Calling an smp_call_* function from any context but process context is
a bug. We didn't notice this initially when we used smp_call_function
from softirq context... until we deadlocked ;)
So s390 is the same as any other architecture wrt this.
> On 2/9/07, Heiko Carstens <heiko.carstens@...ibm.com> wrote:
> >Another thing that comes into my mind is smp_call_function together
> >with cpu hotplug. Who is responsible that preemption and with that
> >cpu hotplug is disabled?
> >Is it the caller or smp_call_function itself?
> >If it's smp_call_function then s390 would be broken, since
> >then we would have
> >int cpus = num_online_cpus()-1;
> >in preemptible context... I agree: what a mess :)
>
> and
>
> On 2/9/07, Jan Glauber <jan.glauber@...ibm.com> wrote:
> >If preemption must be disabled before smp_call_function() we should have
> >the same semantics for all smp_call_function_* variants.
>
> I don't see any CPU hotplug / preemption disabling issues here.

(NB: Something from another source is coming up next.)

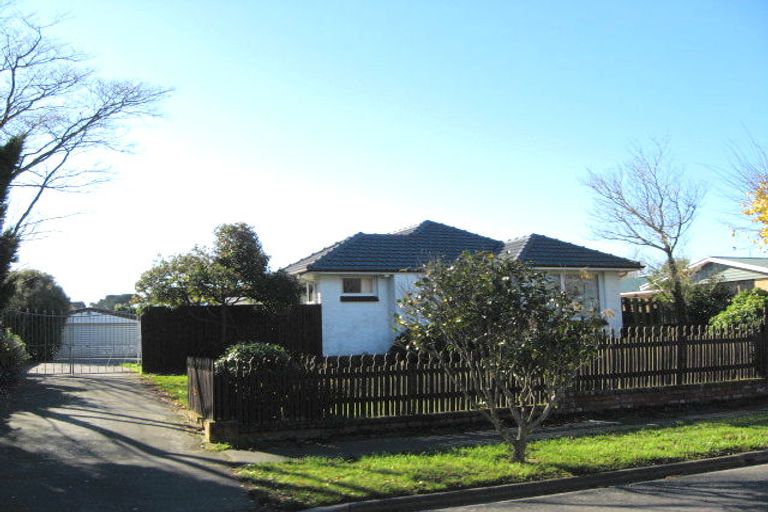 Photo of property in 14 Charles Upham Avenue, Hillmorton, Christchurch, 8025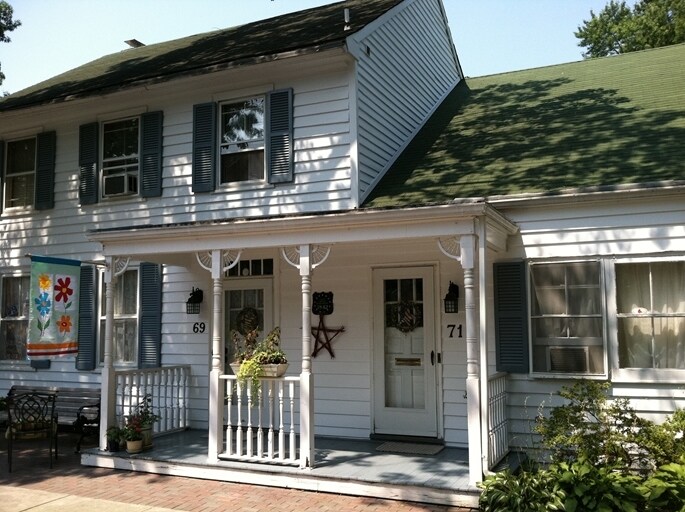 69 N Main St, Cranbury, NJ 08512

> Note that both smp_call_function() and smp_call_function_single()
> on x86_64 acquire the call_lock spinlock before using cpu_online_map
> via num_online_cpus(). And spin_lock() does preempt_disable() on both
> SMP and !SMP, so we're safe. [ But we're not explicitly disabling
> preemption and depending on spin_lock() instead, so a comment would
> be in order? ]
Calling smp_call_function_single() with preemption enabled is pointless.
You might be scheduled on the cpu you want to send an IPI to and get
-EBUSY as return... If cpu hotplug is enabled the target cpu might even
be gone when smp_call_function_single() gets executed.
Avi Kivity has already a patch which introduces an on_cpu() function which
looks quite like on_each_cpu(). That way you don't have to open code this
stuff over and over again:
preempt_disable();
if (cpu == smp_processor_id())
func();
else
smp_call_function_single(...);
preempt_enable();
There are already quite a few of these around.